■ **Your goal**
Pictures excluded, set down exactly the lines from the one containing "传媒行业：中国电子竞技产业报告（直播篇）-伽马数据_第3页" through the final line of the material, and only those.
__________
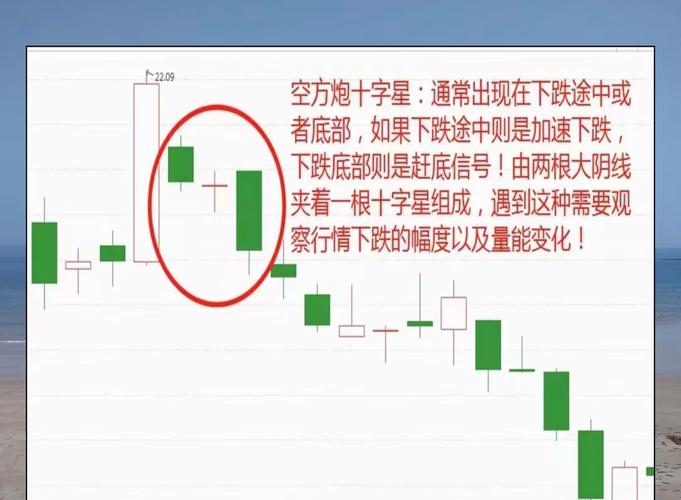 右肩十字星_十字星k线图解法_晨星启明谱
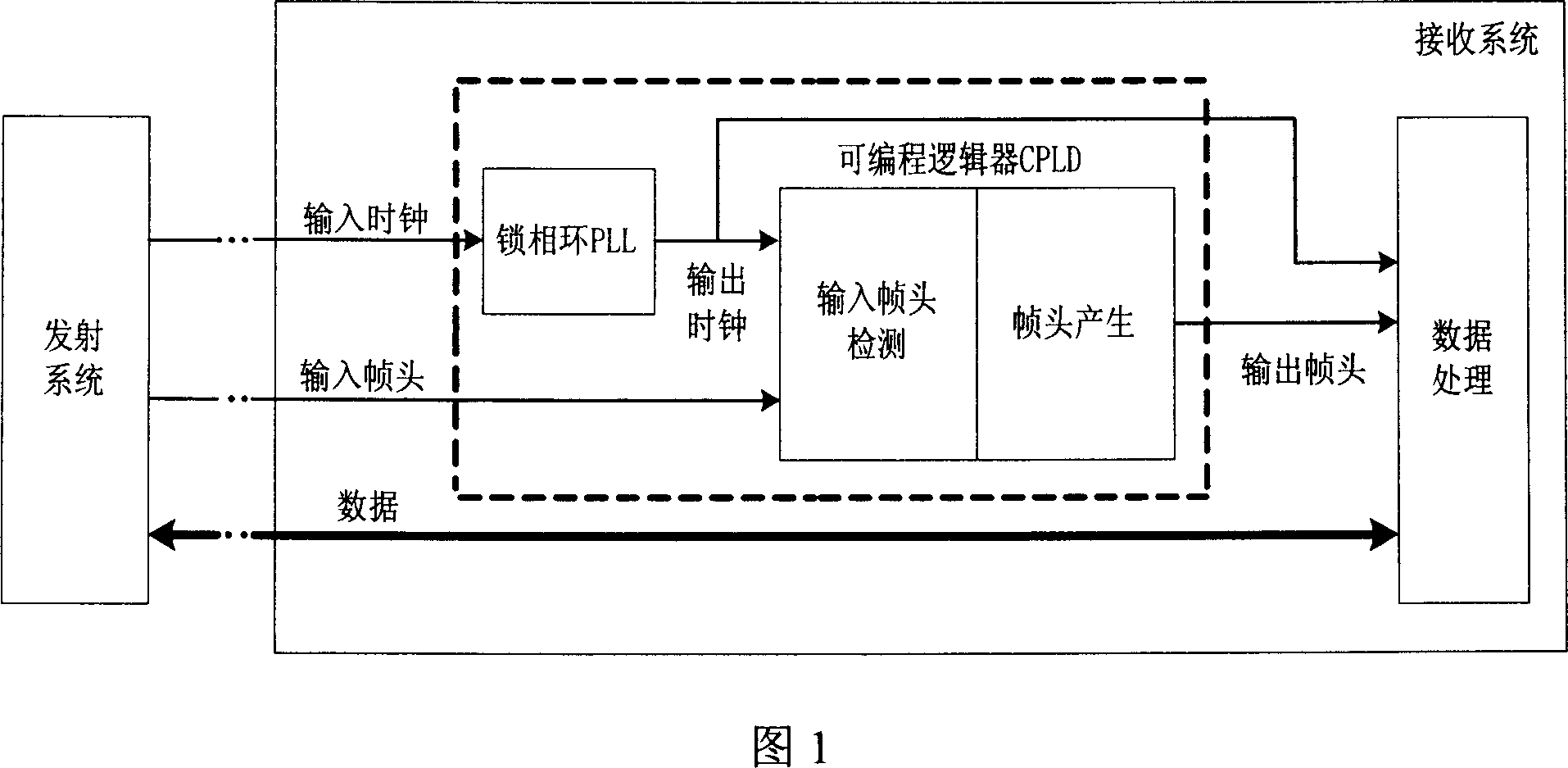 Method for long line transmission frame head and its realizing device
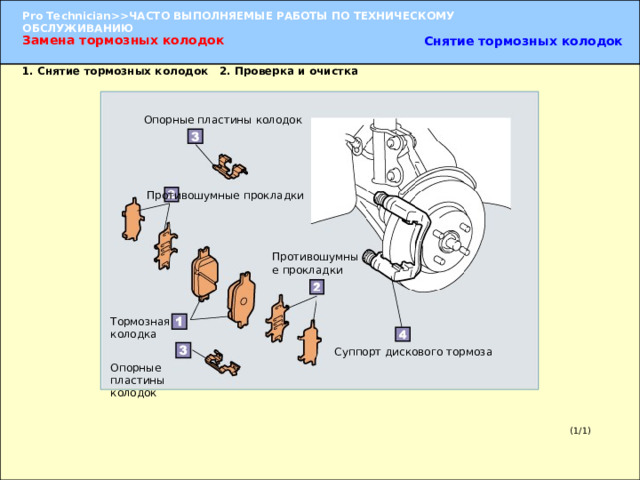 Замена тормозных колодок Снятие тормозных колодок 1. Снятие тормозных колодок 2. Проверка и очистка Опорные пластины колодок Противошумные прокладки Противошумные прокладки Тормозная колодка 1. Снятие тормозных колодок  Снимите с суппорта дискового тормоза следующие детали.  Тормозные колодки  Противошумные прокладки  Опорные пластины колодки УКАЗАНИЕ:  Каждая деталь имеет определенное место установки и ориентацию. Поэтому при разборке следует располагать детали на поддоне в соответствии с местом и порядком их установки.   2. Проверка и очистка  (1) Визуально оцените, возможно ли дальнейшее использование противошумной прокладки, проверьте степень ее износа и исправность. (2) Очистите детали суппорта дискового тормоза. Суппорт дискового тормоза Опорные пластины колодок (1/1) 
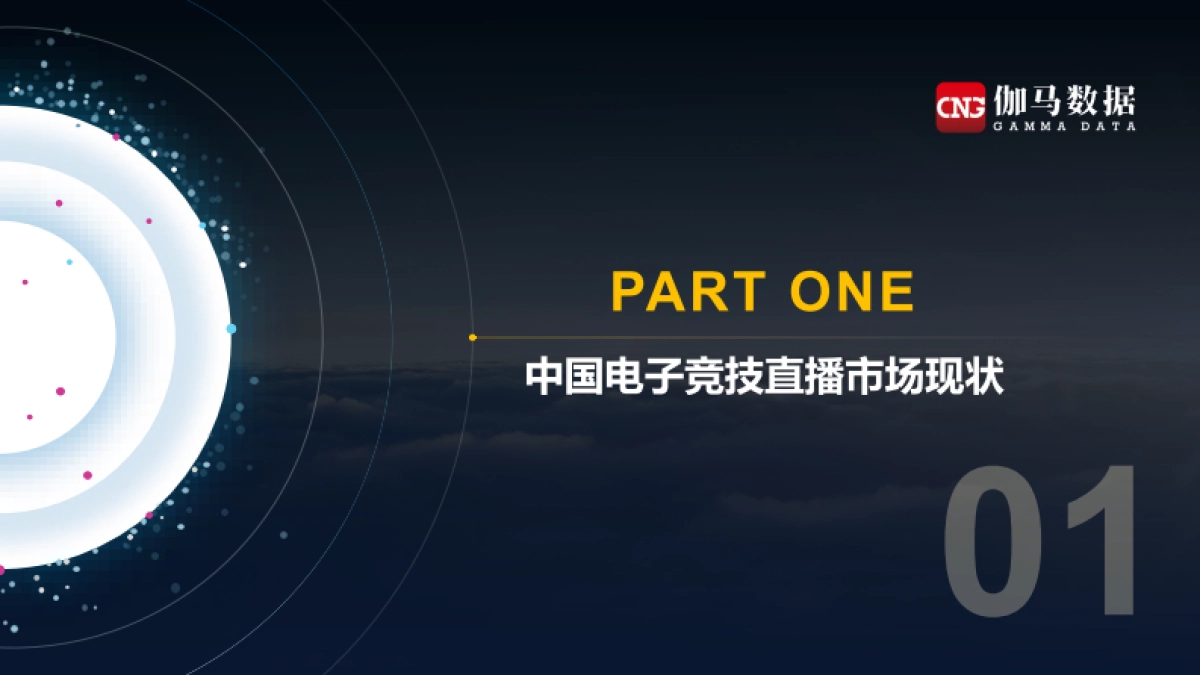 传媒行业：中国电子竞技产业报告（直播篇）-伽马数据_第3页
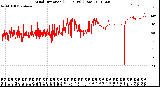 Milwaukee Weather Wind Direction<br>(24 Hours) (Raw)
__________
■ **Solution to the problem**
 传媒行业：中国电子竞技产业报告（直播篇）-伽马数据_第3页
 Milwaukee Weather Wind Direction<br>(24 Hours) (Raw)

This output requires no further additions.